WB Report: Strategic Intervention urgently needed [Archives:2007/1061/Business & Economy]

June 18 2007

By: Raidan Al-Saqqaf
[email protected]

A recent report by the World Bank has indicated that during the last three decades, Yemen has experienced a profound and dramatic change, where the economy has seen a shift from an agriculture-dependent economy to a more diversified and market economy, hereby changing the underlying fundamentals of the Yemeni business environment. The report stated that the shift towards a market economy from the subsistence agriculture of the north and the command economy of the south has transformed livelihood systems.

This change is understandable considering the global economic transformations and the geo-political changes in Yemen. The report indicated that the emergence of a new governance system as a result of unification, hereby the formal and informal “rules of the game” has changed; in Yemeni culture, the land and the livestock were the source of wealth and employment

During the last three decades, this understanding has changed to the realization that the source of wealth and employment is the government. The report states: “the increasing concentration of economic and political power suggests that it carries with it the risk of elite capture of development benefits and the further widening of the gap between the rich and the poor.”

The World bank report, entitled 'Country Social Analysis' has the objective of analyzing the social context and trends in Yemen in order to identify the constrains and opportunities for development. Inline with that objective, the report concludes that the effectiveness of development support to Yemen can be enhanced by addressing the following inequalities:

– Access to water and land needs to be more equitably distributed;

– Youth, Women, and Rural people are becoming increasingly marginalized from the economy as traditional livelihood systems decline;

– With rapid urbanization, shanty dwellers are becoming increasingly socially and economically marginalized;

– State expenditures tend to favor the non-poor.

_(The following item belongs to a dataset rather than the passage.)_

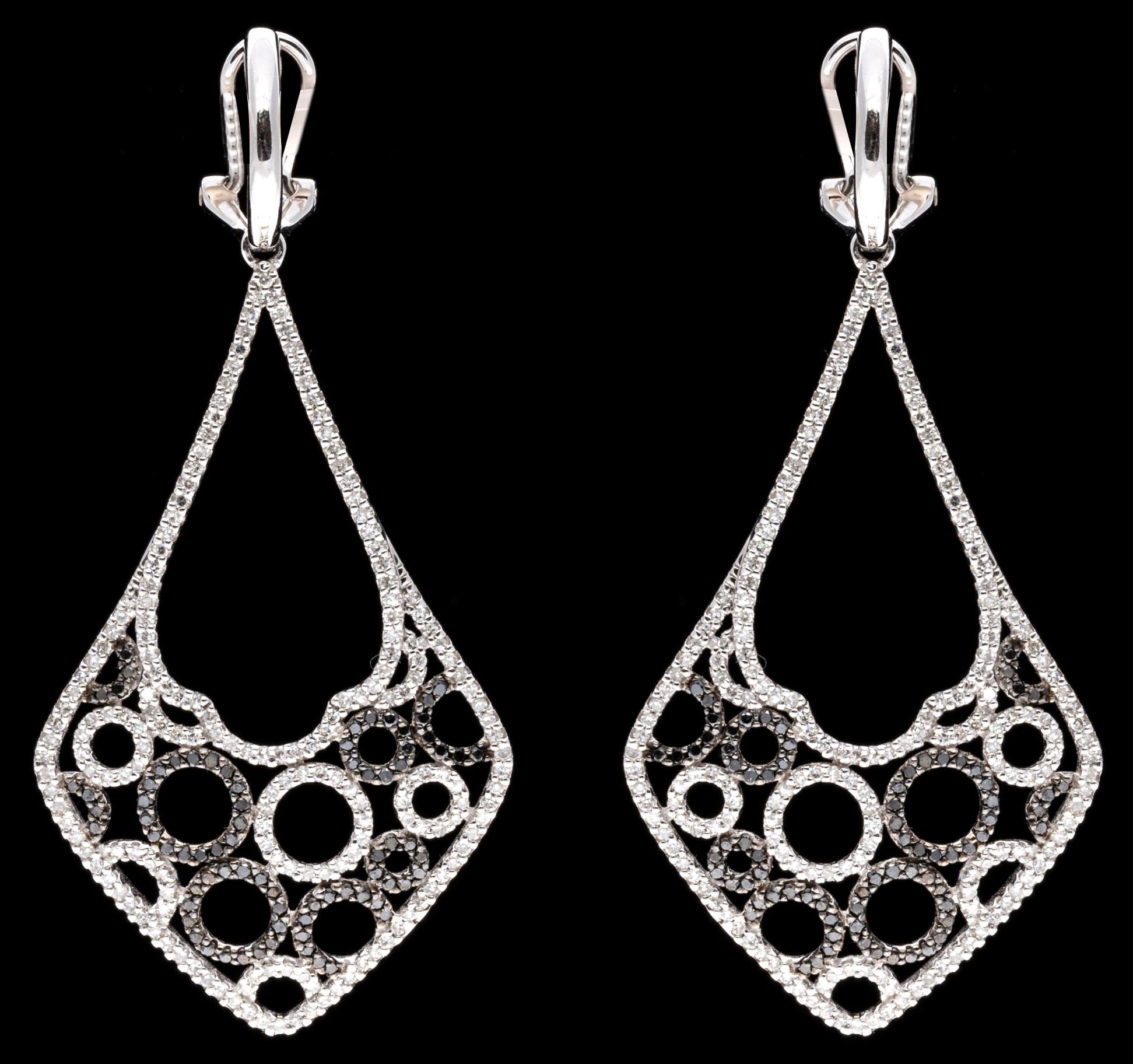 14k white gold earrings. These fabulous, contemporary earrings contain a small high polished half hoop top. Suspended from the hoop is an elongated diamond shaped, open drop style pendant, set with a trim of round faceted white diamonds that outline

The report also highlights a number of strategic areas of intervention, including improving equity in the distribution of natural resources such as water resources, concentration of land ownership, and enforcement of expropriation laws which help the poor and marginalized social groups.

Another strategic intervention is in improving equity in distribution of public resources and services, in terms of inequality in public expenditures, inequality in access to healthcare, and the mismatch between education provided and labor market demands especially in rural inhabitants.

In addition to that, another strategic intervention is in promoting inclusion in economic opportunities; with focus on the high rates of youth unemployment and underemployment, and the employment of women in rural areas.

Moreover, improving social accountability was yet another area for strategic intervention, through the strengthening civil society to hold elected officials and service providers accountable, evaluate the quality of public service provision, provide access to justice especially for women and the poor, and involve women in decision making.